Pintar, desenhar, agatanhar ideias e procurar coisas introduz este universo pela mão do próprio, através do traço de Auto-retrato e da palavra registada na nota biográfica em carta a Hélia de Medeiros e Joachin Peters. A partir daí vão surgindo composições ficcionais de genologia diversa, em simultâneo com a teorização do pensamento estético patente no 1º Manifesto do Sobreporismo. Assim se abre caminho à aproximação das Actividades da movimentação surrealista em Portugal, dado que o autor se considera um surrealista anterior a qualquer aparecimento de grupos mais ou menos surrealistas surrealizantes ou surrealistas mesmo (carta a Mário Cesariny e aos outros). A sua produção neste contexto integra Cadavres-exquis com Carlos Calvet e diálogos automáticos, bem como o 1º Manifesto da Rua da Escola «contra as aves de capoeira» redigido por Mario Henrique com o acôrdo de mais cinco ou registos fotográficos da 1ª Exposição dos Surrealistas.
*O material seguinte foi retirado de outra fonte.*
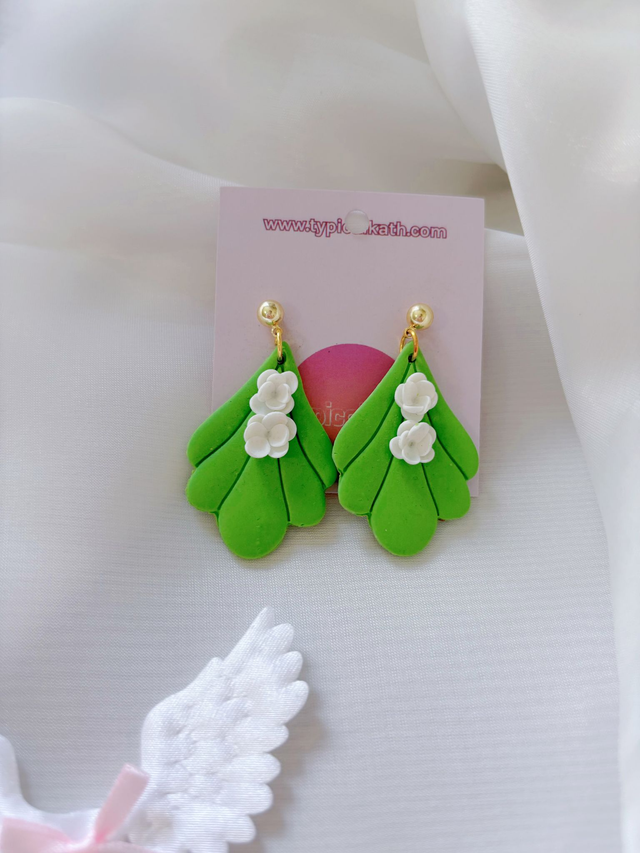 Polymer clays flower elegant earrings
O núcleo A chateação continua – porque objectos, colagens, escrita automática, desenhos em estado de libertação, poemas, não-poemas, etc. são mais reais, muito mais absolutamente reais do que qualquer forma exclusivamente plástica (carta a Mário Cesariny e aos outros) – mostra a coabitação entre linguagem plástica e verbal na obra de Leiria. Isto se verifica através da composição de colagens ou desenhos juntamente com recurso à palavra, por vezes tornando-os num só traço - como em Maternidade; ou na produção de composições híbridas, apesar da presença assídua da poesia, como Pas pour les parents, Climas ortopédicos ou Claridade dada pelo tempo.
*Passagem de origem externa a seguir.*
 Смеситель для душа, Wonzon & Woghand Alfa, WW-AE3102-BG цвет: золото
Pois claro que ainda não morri dá conta do período em que Leiria esteve casado (1958-61) e permaneceu no Brasil. Regressado em 1970, só em 1973 vê os Contos do gin-tonic publicados. A este propósito lê-se em carta conservada no seu espólio: entretanto aconteceu-me uma treta: uma editora (a Estampa) pegou-me num monte de papéis e zás, publicou-me um livro (contos amargos, brutais, cruéis, trocistas, avacalhadores, sei lá) (carta a Abílio – E22/96). Seguem-se Novos contos do gin, republicado em 1978 com o acrescento das Fábulas do próximo futuro registando nesta edição a advertência ao leitor: espera o autor, convicto, que as Fábulas fiquem apenas por fábulas. No entanto, está a pau. Não desiste. Sempre a pau. Estas fábulas vão surgindo dispersas, até então, em jornais («Pé de Cabra», «O Coiso»). Imagem devolvida: poema-mito e Conto de Natal para crianças são publicados em 1975. No ano seguinte, Casos de direito galático. O mundo inquietante de Josela: fragmentos foi publicado, com ilustrações de Cruzeiro Seixas e, em 1979, Lisboa ao voo do pássaro, em co-autoria com João Freire.
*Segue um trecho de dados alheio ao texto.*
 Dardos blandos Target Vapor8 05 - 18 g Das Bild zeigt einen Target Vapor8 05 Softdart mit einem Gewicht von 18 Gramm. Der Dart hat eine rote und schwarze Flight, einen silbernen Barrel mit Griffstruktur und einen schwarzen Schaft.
Mário Henrique Leiria autodefine-se como um resto definitivamente avariado de homem em zanga permanente, com um riso discretamente amargo de vez em quando e um olho sempre disposto à troça solitária (carta a Luís Amaro) que tem escritos vários acumulados por todos os cantos mas, com grande desgosto da dignidade oficial, não é nada que se preste a tornar os homens mais felizes e mais gordos (carta a Mário Cesariny). Não obstante, o autor destas afirmações revestidas de ironia ácida é o mesmo que faz conviver sob o teto da sua obra o poético dos versos:
deixa que eu fique
muito afastado
silencioso e único
no alto daquela nuvem
que escolhi
ainda antes de existir.
continuando, assim, a ser aquilo que ninguém espera.